Executive Pay in Canada
Nice to be at the Top!
Robert K. Stephen
The Canadian Centre for Policy Alternatives issued a paper written by David Macdonald in January 2018 entitled “Climbing Up and Kicking Down: Executive Pay in Canada”. This report is an annual report that has been done over the past 11 years. It focused on the top 100 paid CEOs listed on the S&P/TSX composite for 2016.
The report records the growing gap between the pay of average workers in Canada and that of the richest CEOs. These CEOs are busting the bank it would seem and in the 2016 calendar year made an average of $10.4 million which is 209 times greater the average income for the average worker being $49,738 This is the first time the ratio of CEO pay to average pay has surpassed 200:1. In 2009 the gap was 155:1. To coin a trite phrase the rich are getting richer and the poor are getting poorer. It really begs the question dear reader of what Trudeau has done about this to protect his cherished “middle class”. It would seem he has left the working poor and the working class out of his cozy equation?
It also begs the question why all the fuss about the rise of the minimum wage in Ontario to $15. Where is the fuss about executive compensation? I rather doubt the CEO has to worry about paid breaks being removed and being compelled to pay for his or her health benefits. To put the paper into perspective by 10:57 a.m. on January 2 of this year Canada’s average top-100 CEO will already have made what the average worker makes in an entire year!
The pay increase for the average worker in 2016 was .5% while the top 100 CEOs saw a pay increase of 8%.
The paper states the majority of Canada’s largest publicly traded companies paid out 4 times as much money to shareholders than it would have cost to fully fund their worker pension plans.
The paper also points out the tax loopholes for these CEO’s remaining open will prevent the Canadian government from reducing inequality in Canada. The minimum hourly wage for the richest 100 CEOs in 2016 was $2,489.62. In 2018 it will take the minimum wage worker in 2018 one month to earn the 2016 CEO hourly minimum wage!
In 2016 the top CEOs pay was 3% in enriched pension benefits, 11% in base salary, 33% share-based value, 26% bonus, 15% in option-based compensation and 12% as “all other compensation” which is often “golden parachute” packages paid to retiring CEO’s. Six CEOs alone made $80.1 million from these “golden parachutes”.
Of the top of the 100, 2016 paid CEOs only three are women.

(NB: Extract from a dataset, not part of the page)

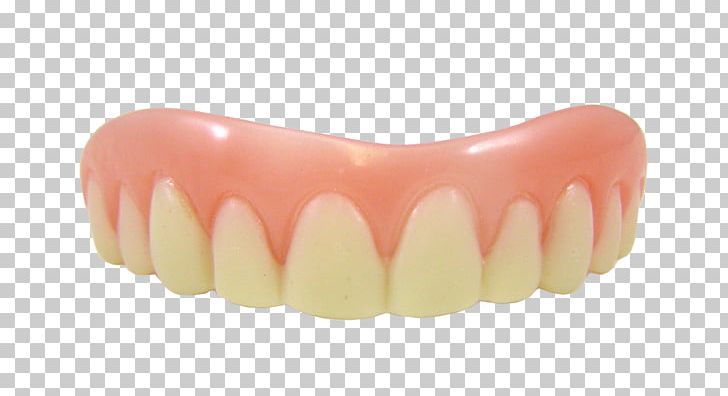 Veneer Dentures Dentistry Tooth Cosmetics PNG, Clipart, Bad Breath, Cosmetic Dentistry, Cosmetics, Dental Restoration, Dentistry Free PNG Download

The perpetuation of high CEO salaries is justified by employee benefit plan and management consultants and by use of a peer benchmark. Attempts by governments in the United Kingdom, the United States and Canada to control executive compensation have failed because they have focused on taxation of certain components of compensation. The paper states that when the UK moved towards limits on bonuses the same dollars were just shifted back to base pay. It also continues by saying when the federal government in Canada considered fairer taxation of stock options, compensation through options declined and direct stock grants increased.
The report concludes. “ Ultimately, a more co-ordinated strategy across several tax measures is likely necessary. This could involve closing the stock option deduction, increasing the capital gains inclusion rate and creating a new top marginal bracket. Without a big picture approach to reining in CEO compensation, company accountants are bound to find ways around limiting regulatory actions so that they can continue gaining tax preference for company executives.”